Jack swore under his breath.
“I don’t understand.” My gaze darted from one to the other. “She’s been with the twins for days. What would bring this about now?”
“She must have reached the tipping point,” Aric said.
“Or faced a new horror.” Jack stabbed his fingers through his hair. “My mind nearly flipped when I saw that crank.”
“So basically her brain is breaking? Oh, screw this! We have to get inside now.”
“I’ll try the explosives.” Jack marched to his horse, retrieving those munitions: a detonation kit and several blocks of plastic explosives.
While he rigged the door, I paced. Aric looked lost in thought.
Minutes later, Jack held up his detonator. “Doan get your hopes up. These explosives couldn’t bust open even a foot-thick door.”
“Then I’ll seed vines.” I’d wanted to use my powers to help anyone in need. This was Selena. “They’ll burrow. Or I’ll sand this mountain down with thorns. Somehow we will get in!” I raised my hands to puncture my palms.
“Wait, Empress,” Aric said quietly. “I can get us past the door.”
Jack looked like he was about to roll his eyes. But then he said, “For true?”

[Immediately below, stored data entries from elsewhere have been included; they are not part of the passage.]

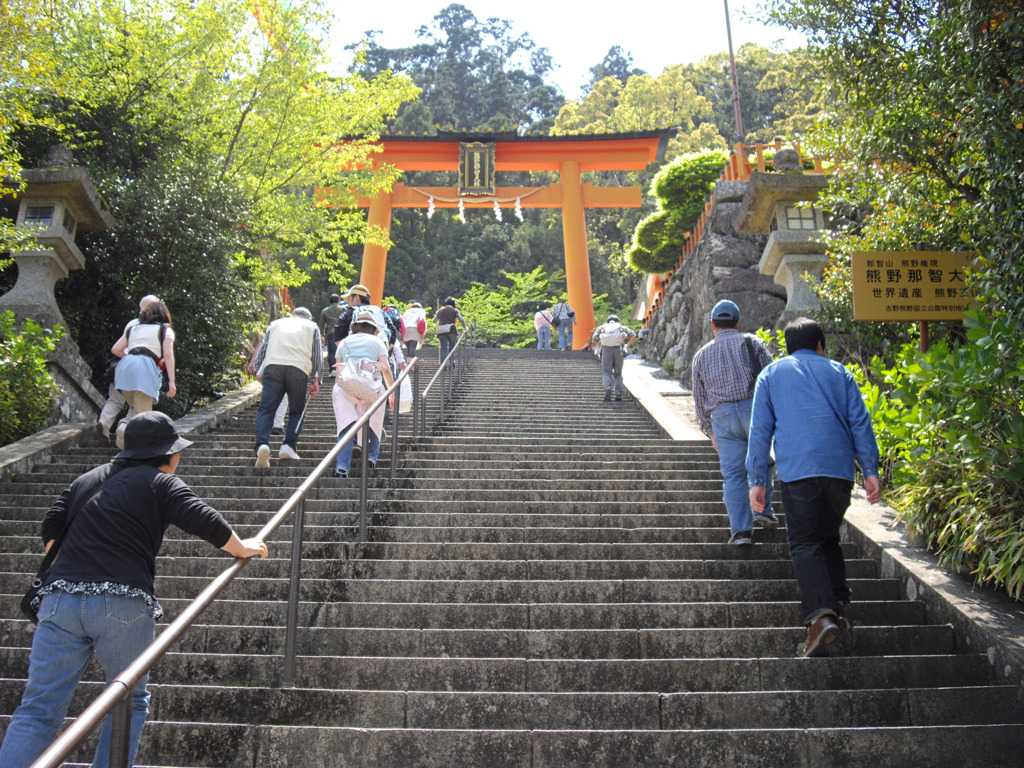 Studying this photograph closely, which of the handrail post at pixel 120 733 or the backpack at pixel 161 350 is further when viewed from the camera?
the backpack at pixel 161 350

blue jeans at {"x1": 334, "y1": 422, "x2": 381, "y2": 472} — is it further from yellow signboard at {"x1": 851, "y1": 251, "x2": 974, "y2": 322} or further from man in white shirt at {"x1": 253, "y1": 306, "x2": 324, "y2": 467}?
yellow signboard at {"x1": 851, "y1": 251, "x2": 974, "y2": 322}

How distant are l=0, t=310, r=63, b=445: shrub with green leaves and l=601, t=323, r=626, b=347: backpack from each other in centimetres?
623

Aric nodded. “I can blow it with something very old. And very strong.”
“Then do it!” I clasped his gauntleted hand. “As Selena would say, smash and grab! Let’s bring her home.”
“Let’s? As in let us?” Death peeled his hand away “You don’t understand. You were never to be risked in this endeavor. Never. We wouldn’t be facing mere Bagmen or mortals, and you still haven’t learned to invoke the red witch fully.”
Jack scowled at me. “You told him about the red witch?”
I breezed past that, facing both of them. “There could be more danger out here. An army of carnates could be lying in wait around the mountain. Besides, the twins don’t want to kill me right away. So as long as I’m near, you’ll be safer. Not to mention that we have their father. Maybe they’ll be protective of him.”
“Oh, ouais, we’ll just use you as a human shield.” Jack raised his brows. “Not having it.”
“We’ve come this far, and we will save her. Aric, you’re going to blow the door, and Jack, I’m coming with. If you two try to leave me behind, then you better shackle me.”